___ Exercise materials ___

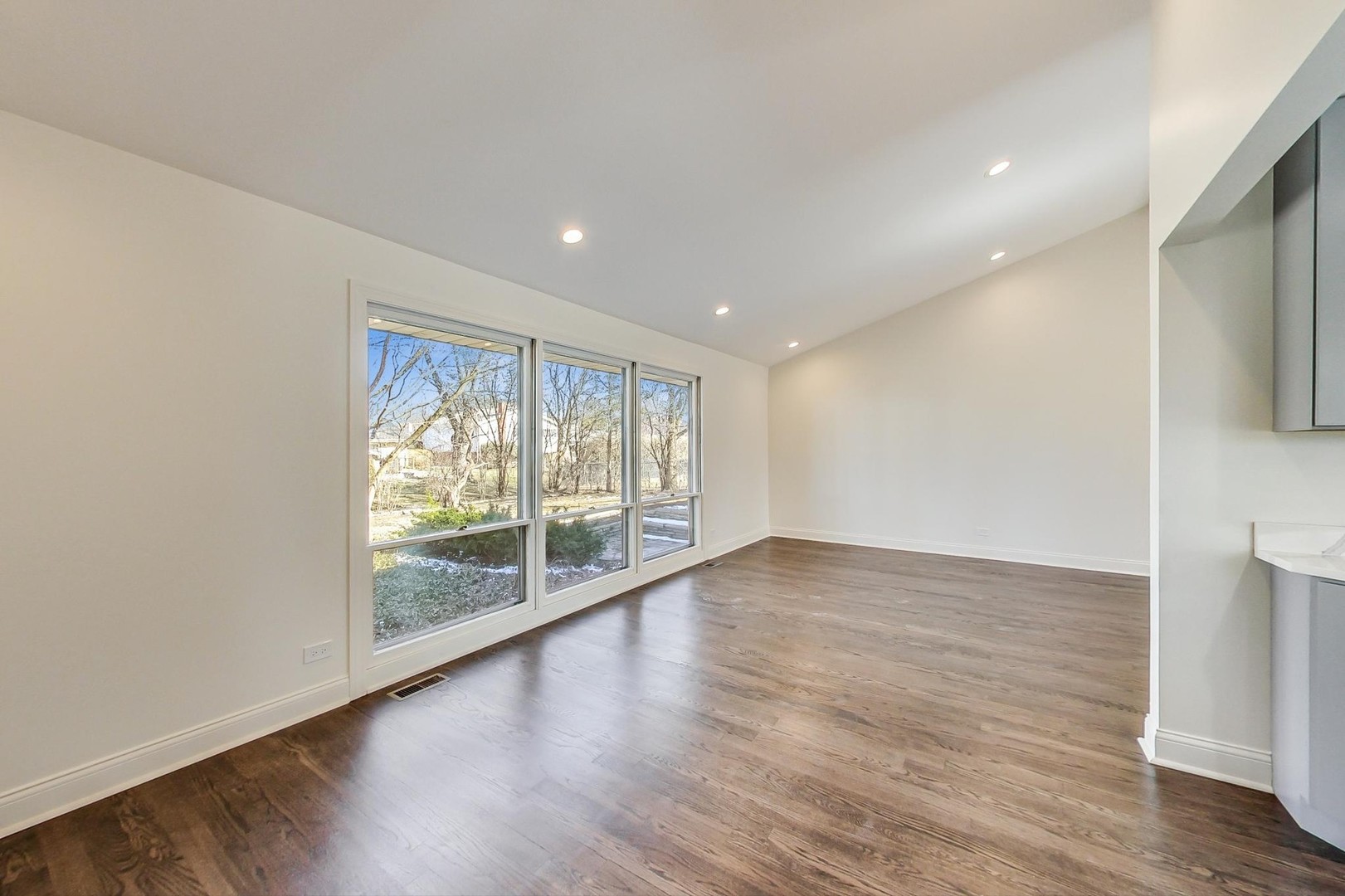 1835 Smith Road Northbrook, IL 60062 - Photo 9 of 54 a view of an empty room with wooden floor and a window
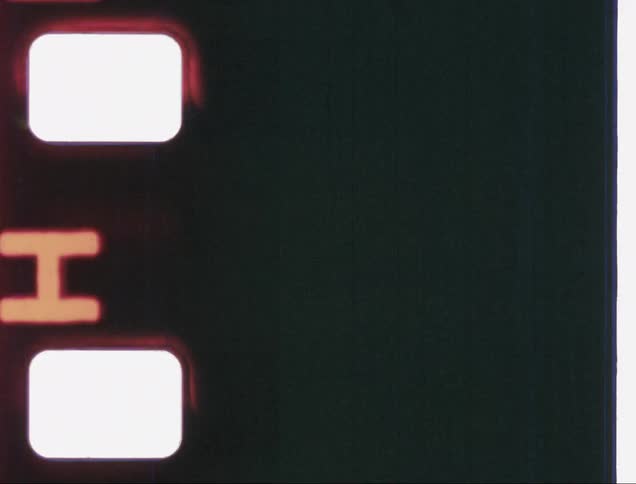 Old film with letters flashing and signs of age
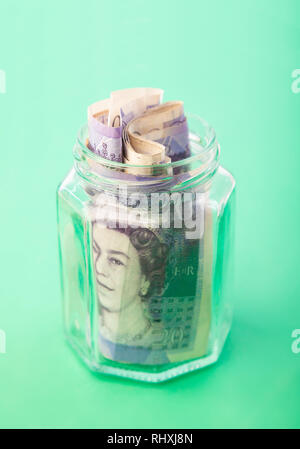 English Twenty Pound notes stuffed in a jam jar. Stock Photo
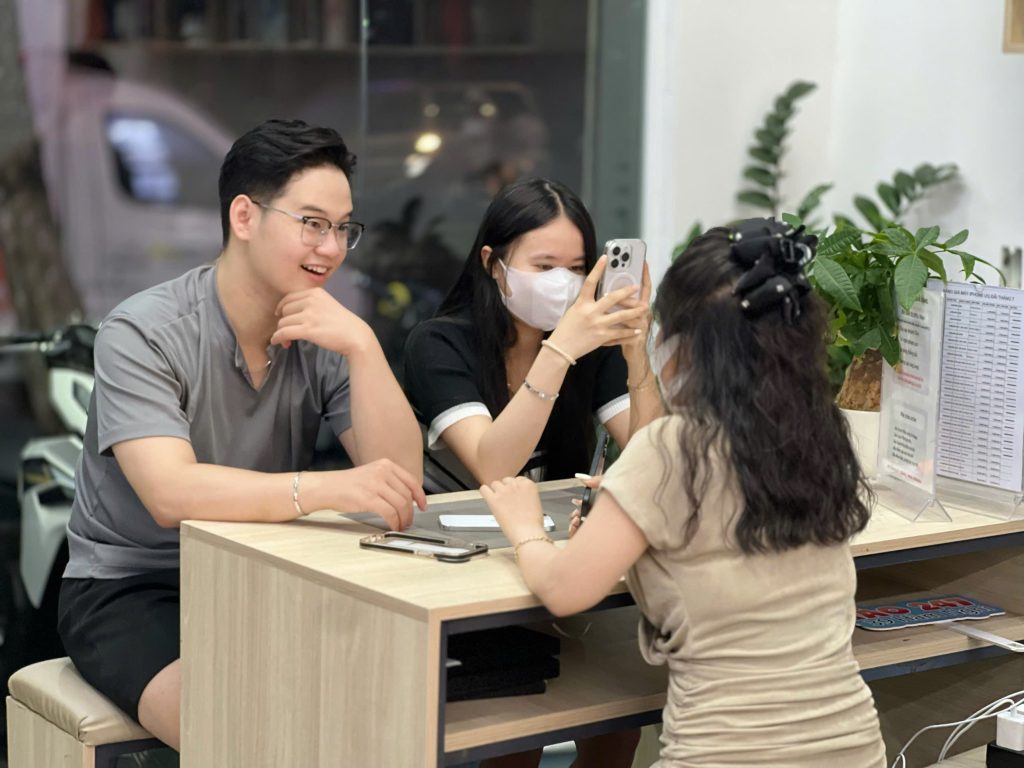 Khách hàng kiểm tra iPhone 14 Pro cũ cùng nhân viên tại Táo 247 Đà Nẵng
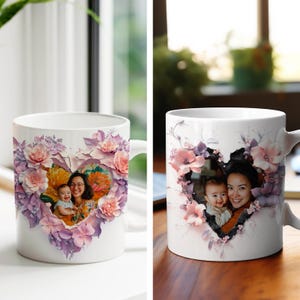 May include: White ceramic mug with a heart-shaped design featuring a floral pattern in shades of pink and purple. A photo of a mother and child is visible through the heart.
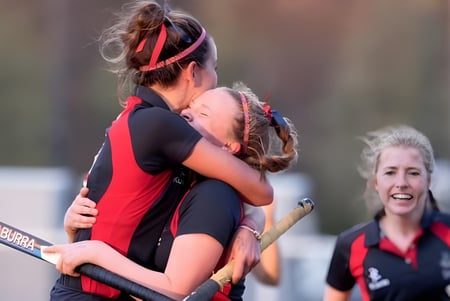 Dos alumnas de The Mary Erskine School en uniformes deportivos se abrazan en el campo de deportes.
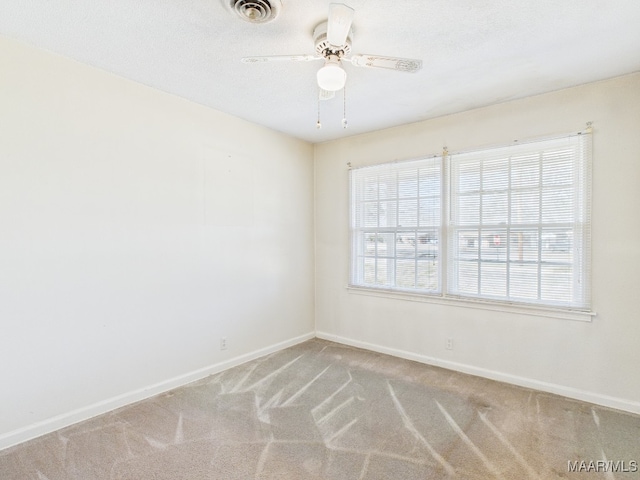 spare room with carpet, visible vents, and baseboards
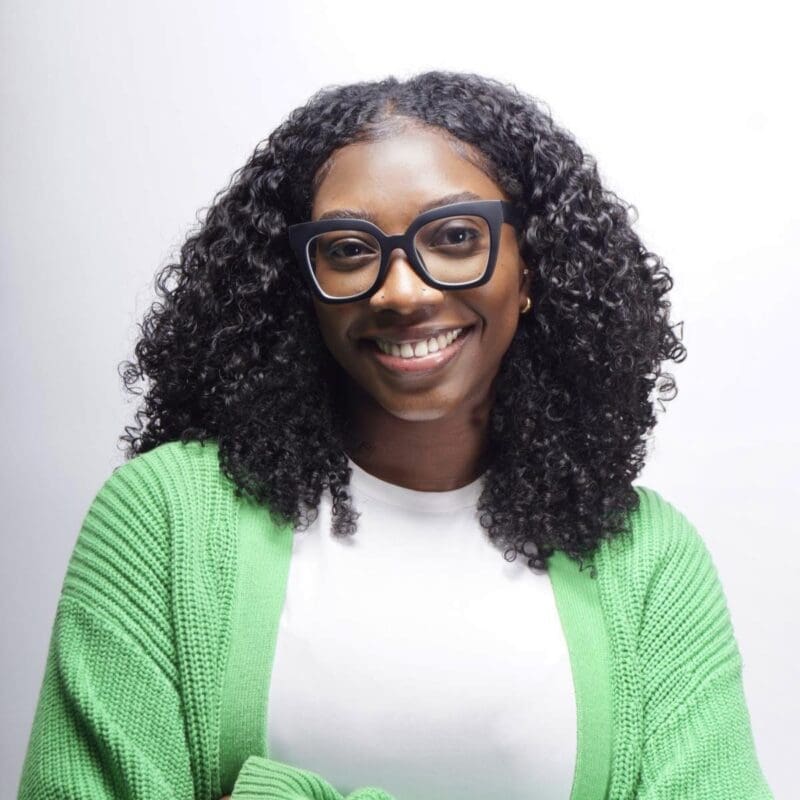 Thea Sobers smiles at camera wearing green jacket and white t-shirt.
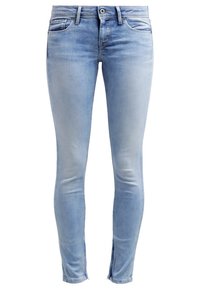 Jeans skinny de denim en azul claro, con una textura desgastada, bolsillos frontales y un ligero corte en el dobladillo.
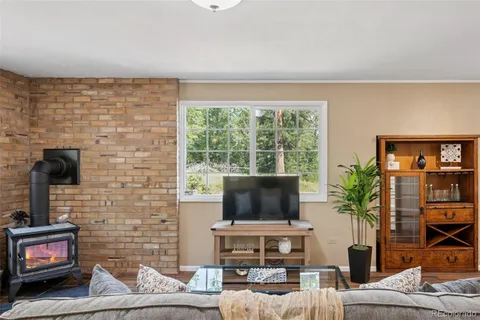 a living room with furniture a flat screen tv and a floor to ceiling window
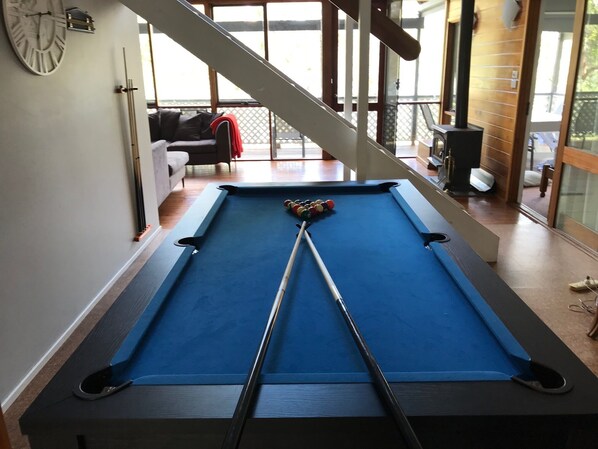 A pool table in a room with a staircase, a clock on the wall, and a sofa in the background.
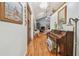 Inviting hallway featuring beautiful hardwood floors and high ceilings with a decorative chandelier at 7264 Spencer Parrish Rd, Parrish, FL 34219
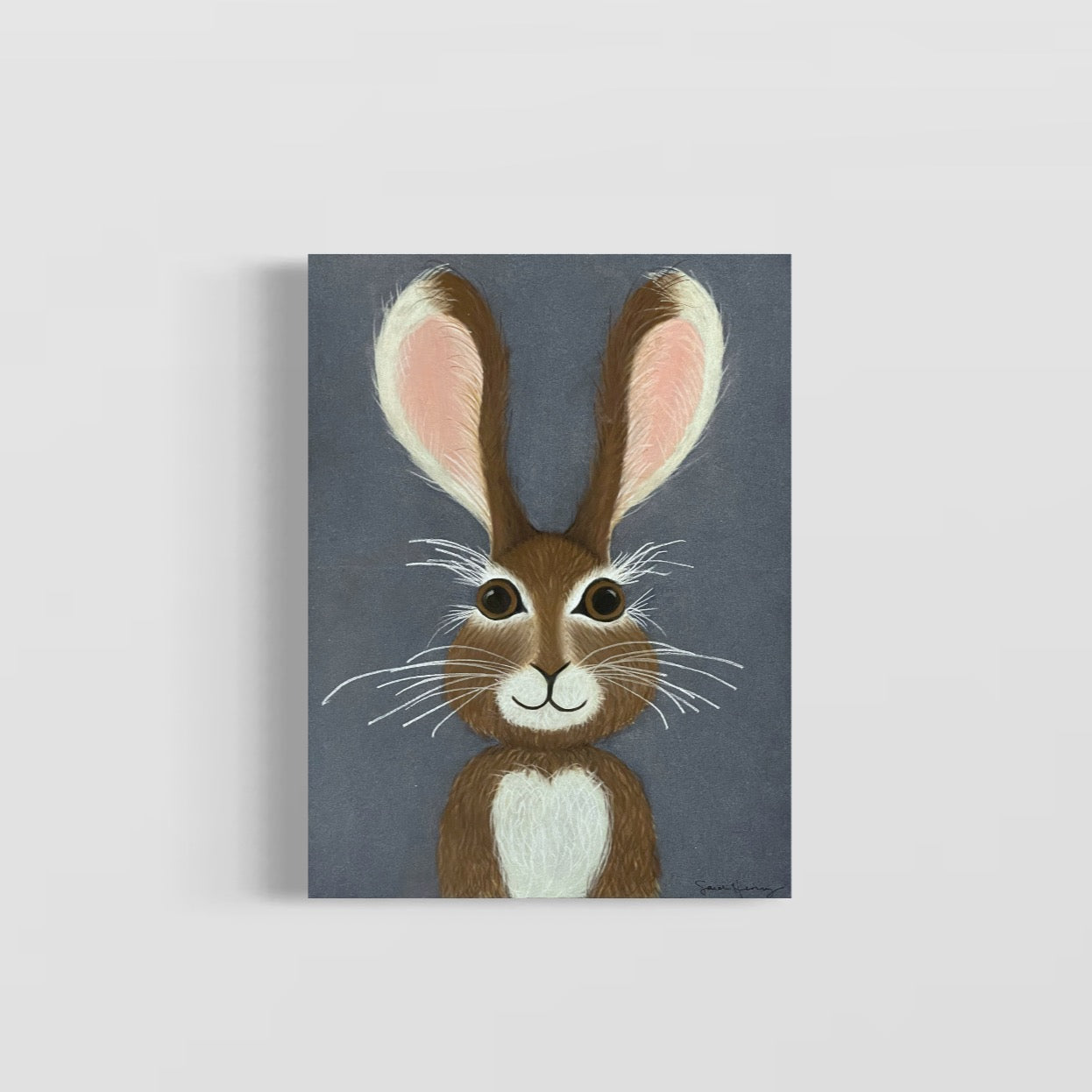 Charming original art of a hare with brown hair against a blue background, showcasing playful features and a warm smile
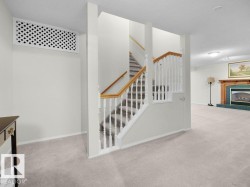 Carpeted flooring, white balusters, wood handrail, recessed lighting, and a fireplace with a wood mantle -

___

§ What the exercise asks
All the material shown above is to be copied exactly, with no pictures carried over.

§ Result of this task
 1835 Smith Road Northbrook, IL 60062 - Photo 9 of 54 a view of an empty room with wooden floor and a window
 Old film with letters flashing and signs of age
 English Twenty Pound notes stuffed in a jam jar. Stock Photo
 Khách hàng kiểm tra iPhone 14 Pro cũ cùng nhân viên tại Táo 247 Đà Nẵng
 May include: White ceramic mug with a heart-shaped design featuring a floral pattern in shades of pink and purple. A photo of a mother and child is visible through the heart.
 Dos alumnas de The Mary Erskine School en uniformes deportivos se abrazan en el campo de deportes.
 spare room with carpet, visible vents, and baseboards
 Thea Sobers smiles at camera wearing green jacket and white t-shirt.
 Jeans skinny de denim en azul claro, con una textura desgastada, bolsillos frontales y un ligero corte en el dobladillo.
 a living room with furniture a flat screen tv and a floor to ceiling window
 A pool table in a room with a staircase, a clock on the wall, and a sofa in the background.
 Inviting hallway featuring beautiful hardwood floors and high ceilings with a decorative chandelier at 7264 Spencer Parrish Rd, Parrish, FL 34219
 Charming original art of a hare with brown hair against a blue background, showcasing playful features and a warm smile
 Carpeted flooring, white balusters, wood handrail, recessed lighting, and a fireplace with a wood mantle -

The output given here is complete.